From the Hadoop Summit 2015 Session with Ted Dunning:
Just when we thought the last mile problem was solved, the Internet of Things is turning the last mile problem of the consumer internet into the first mile problem of the industrial internet. This inversion impacts every aspect of the design of networked applications. I will show how to use existing Hadoop ecosystem tools, such as Spark, Drill and others, to deal successfully with this inversion. I will present real examples of how data from things leads to real business benefits and describe real techniques for how these examples work.
Talk track: 2nd in series, first was on how to build a simple recommender. This one on anomaly detection is being sold by O’Reilly on Amazon,
but for a limited time MapR is giving away the e-book for free. Here’s the link where you can register to get one.
Ted’s original talk notes: OpenTSDB consists of a Time Series Daemon (TSD) as well as set of command line utilities. Interaction with OpenTSDB is primarily achieved by running one or more of the TSDs. Each TSD is independent.
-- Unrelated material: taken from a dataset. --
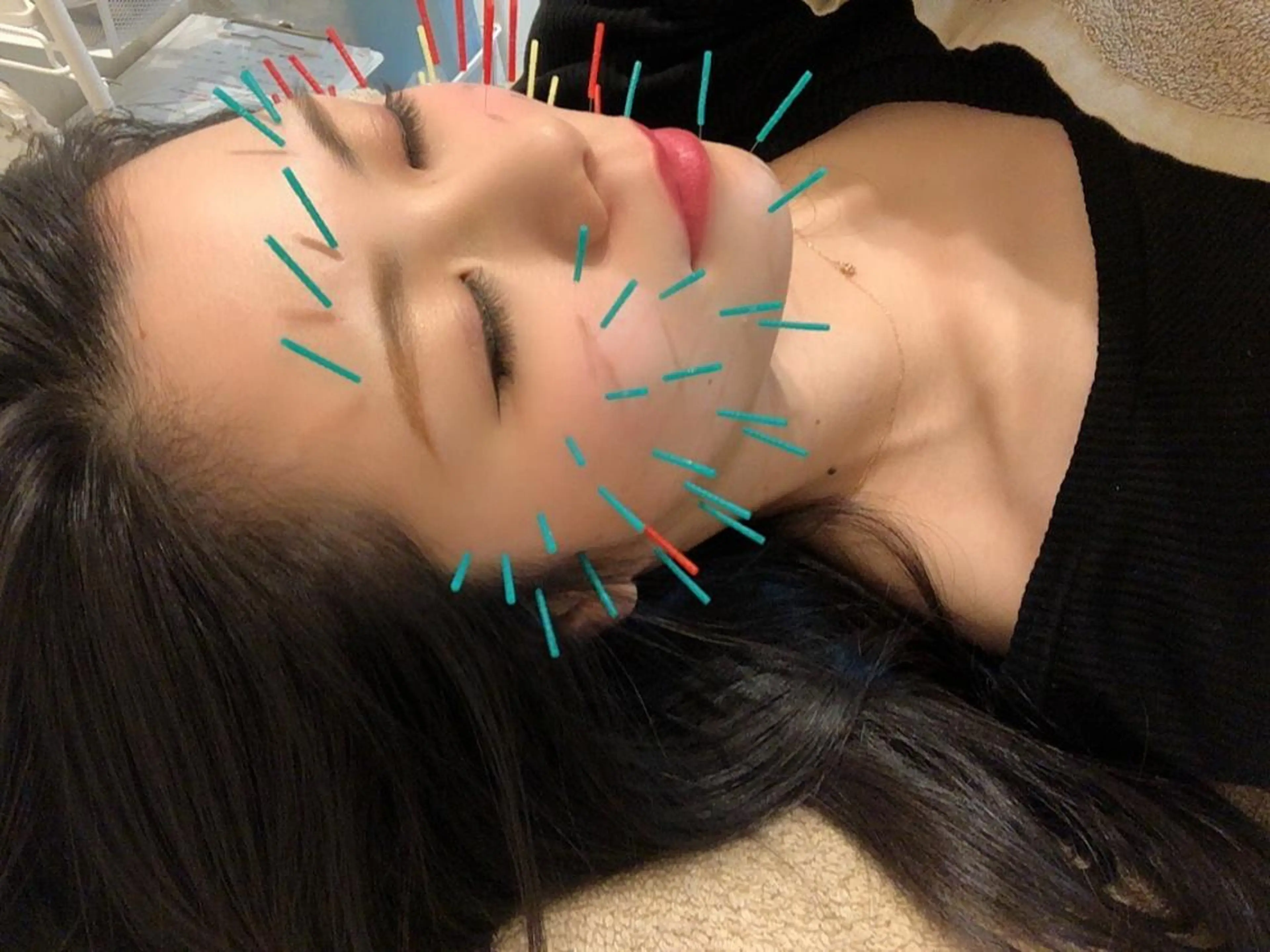 スタンダード美容鍼の写真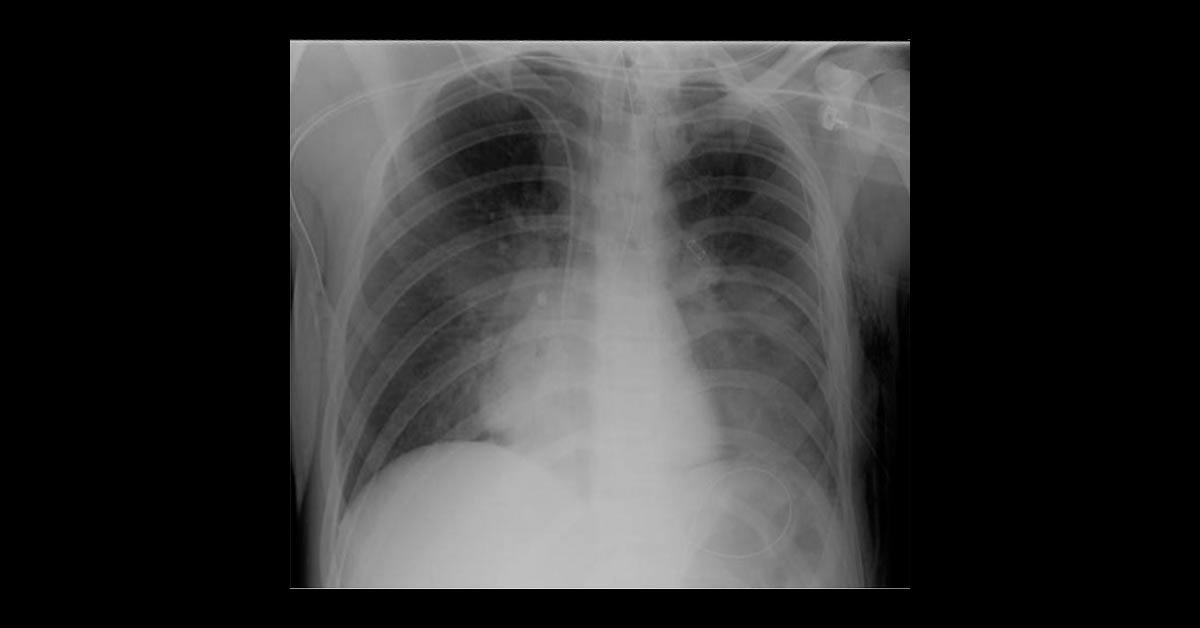Acute Respiratory Distress In ICU Patient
There is no master, no shared state so you can run as many TSDs as required to handle any load you throw at it. Each TSD uses the open source databaseHBase to store and retrieve time-series data. The HBase schema is highly optimized for fast aggregations of similar time series to minimize storage space. Users of the TSD never need to access HBase directly. You can communicate with the TSD via a simple telnet-style protocol, an HTTP API or a simple built-in GUI. All communications happen on the same port (the TSD figures out the protocol of the client by looking at the first few bytes it receives).
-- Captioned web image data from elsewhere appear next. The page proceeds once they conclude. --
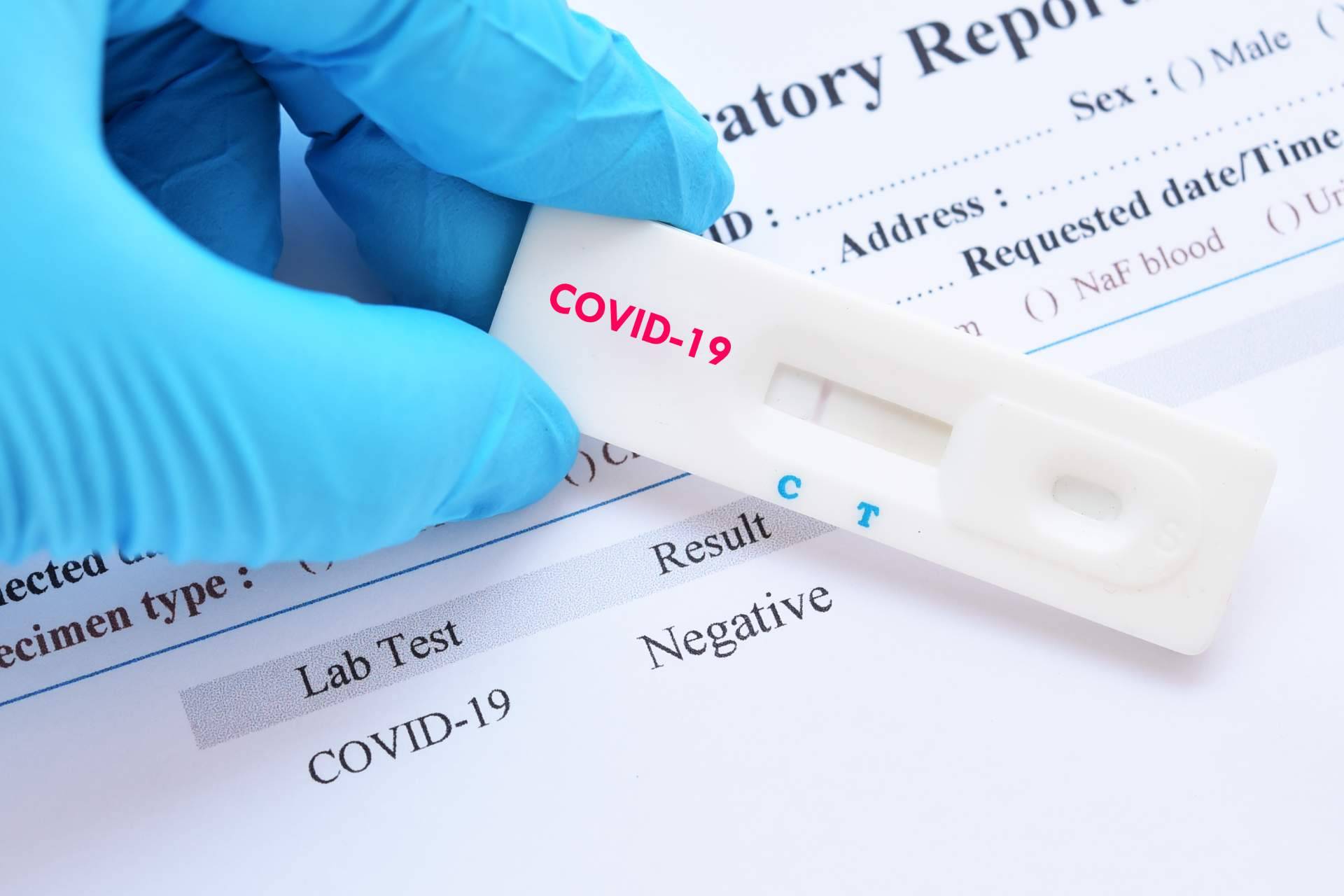 La importancia del test covid en las fiestas navideñas, de la mano de Centro Médico Bravo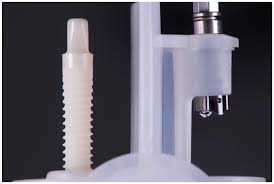 Single Crown Restorations Supported by One-Piece Zirconia Dental Implants:  Case Series with a Mean Follow-Up of 58 Months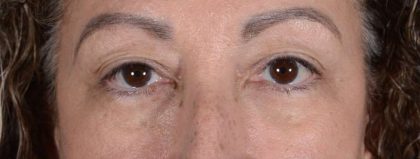 Eye Lift Before & After Patient #1411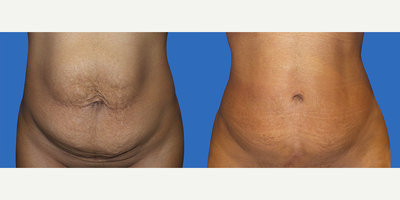 Case 2218 - 35-44 year old woman treated with Tummy Tuck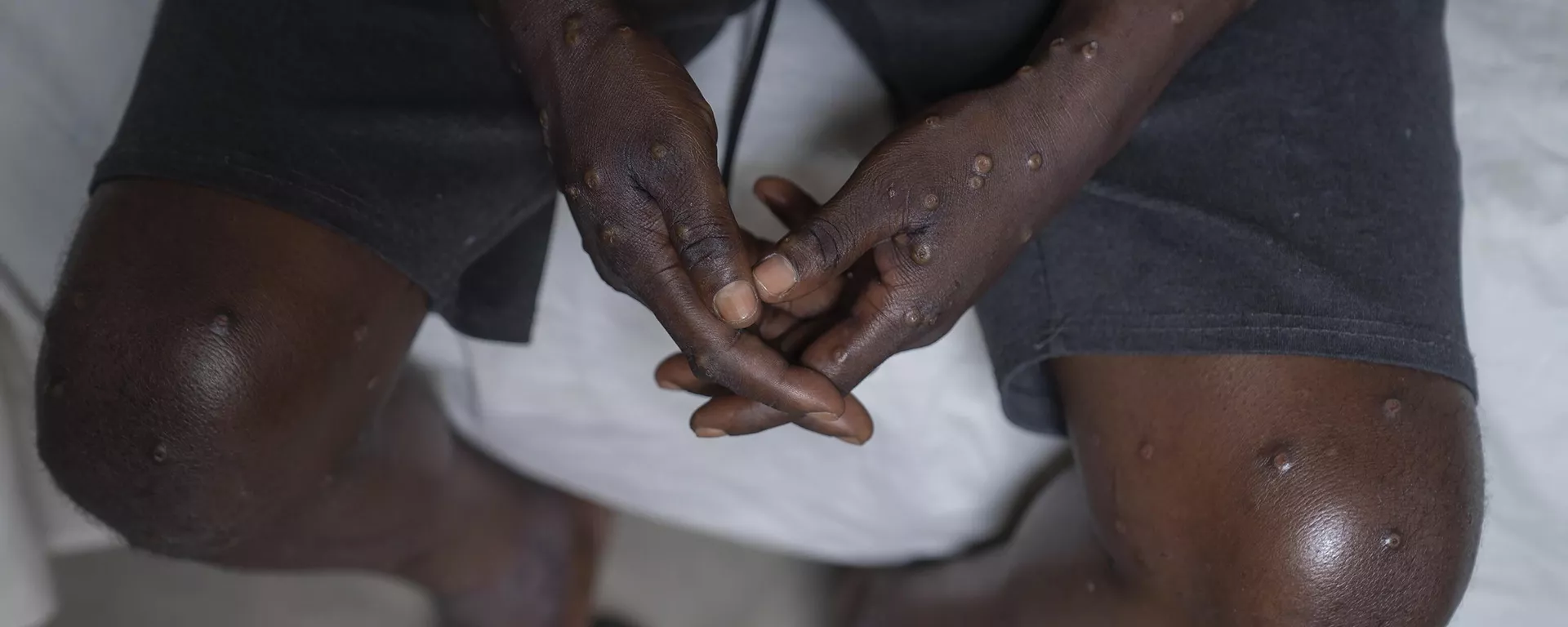 Homem não identificado infectado com mpox no Hospital Geral de Goma. República Democrática do Congo, 16 de julho de 2024 - Sputnik Brasil, 1920, 11.10.2024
Key ideas: Unique row key based on an id for each time series (looked up from a separate look-up table); important part of the efficiency of design is to have each column be a time off-set from the start time shown in the row key. Note that data is stored point-by-point in this wide table design.
Ted’s notes from his original slide:
One technique for increasing the rate at which data can be retrieved from a time series database is to store many values in each row. Doing this allows data points to be retrieved at a higher speed
Because both HBase and MapR-DB store data ordered by the primary key, this design will cause rows containing data from a single time series to wind up near one another on disk. Retrieving data from a particular time series for a time range will involve largely sequential disk operations and therefore will be much faster than would be the case if the rows were widely scattered.
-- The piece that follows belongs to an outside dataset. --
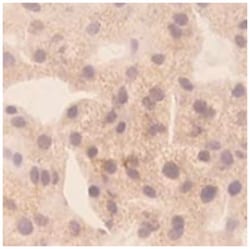 CXCL10, Mouse, Clone: 1, Abnova 100 &mu;g | Buy Online | Abnova | Fisher Scientific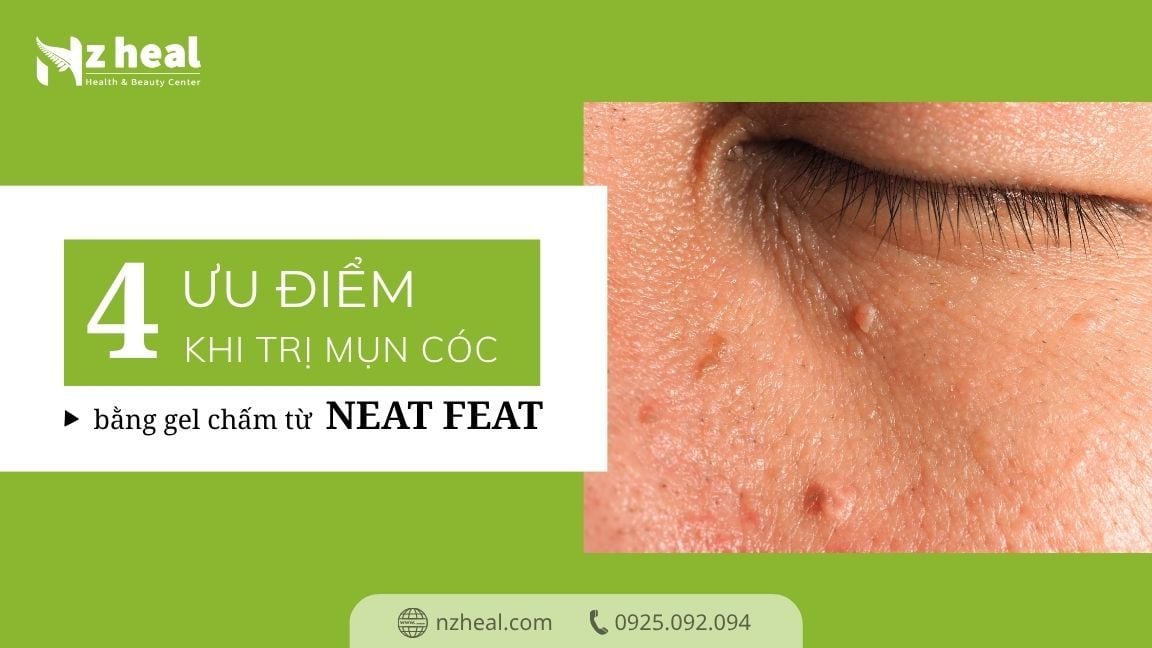 4 ưu điểm của phương pháp trị mụn cóc bằng gel chấm từ Neat Feat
Typically, the time window is adjusted so that 100–1,000 samples are in each row.
Ted’s notes from original slide:
The table design is improved by collapsing all of the data for a row into a single data structure known as a blob. This blob can be highly compressed so that less data needs to be read from disk. Also, having a single column per row decreases the per-column overhead incurred by the on-disk format that HBase uses, which further increases performance.
Data can be progressively converted to the compressed format as soon as it is known that little or no new data is likely to arrive for that time series and time window. Commonly, once the time window ends, new data will only arrive for a few more seconds, and the compression of the data can begin. Since compressed and uncompressed data can coexist in the same row, if a few samples arrive after the row is compressed, the row can simply be compressed again to merge the blob and the late-arriving samples.
Richard: This is based on a figure from Chapter 3 of our book. Point here is to show that with standard Open TSDB, data is loaded into the wide table point-by-point, then pulled out and compressed to blob, then reloaded to form the hybrid table. This is a fairly efficient arrangement. Next slide will show how this is speeded up with the MapR open source extensions.
Here are Ted’s original notes: Since data is inserted in the uncompressed format, the arrival of each data point requires a row update operation to insert the value into the database.
Then read again by the blob maker. Reads are approximately equal to writes. Once data is compressed to blobs, it is again written to the database.
This row update can limit the insertion rate for data to as little as 20,000 data points per second per node in the cluster.
Richard: Also based on a figure from Chapter 3 of book: This slide shows the increased performance using the open source code MapR made open on github. I’ve added the github link. The key differences is that the blob production occurs upstream, before the data is ever loaded into the table. The restart logs are useful so that if there were ever a glitch with the process of compressing data to blobs and insertion, you would not lose the original data. Note that there is still the delay while blobs are made… see explanation in book, chapters 3 and 4.
Richard: Please preserve the rest of the material on fast ingestion with MapR extensions (direct blob loading) for Ted’s talk on Sat. Use this slide as a preview and mention that Ted will be talking about this on Fiday.
Ted’s original notes: the direct blob insertion data flow allows the insertion rate to be increased by as much as roughly 1,000-fold.
How does the direct blob approach get this bump in performance? The essential difference is that the blob maker has been moved into the data flow between the catcher and the NoSQL time series database. This way, the blob maker can use incoming data from a memory cache rather than extracting its input from wide table rows already stored in the storage tier.
the full data stream is only written to the memory cache, which is fast, rather than to the database. Data is not written to the storage tier until it’s compressed into blobs, so writing can be much faster. The number of database operations is decreased by the average number of data points in each of the compressed data blobs. This decrease can easily be a factor in the thousands.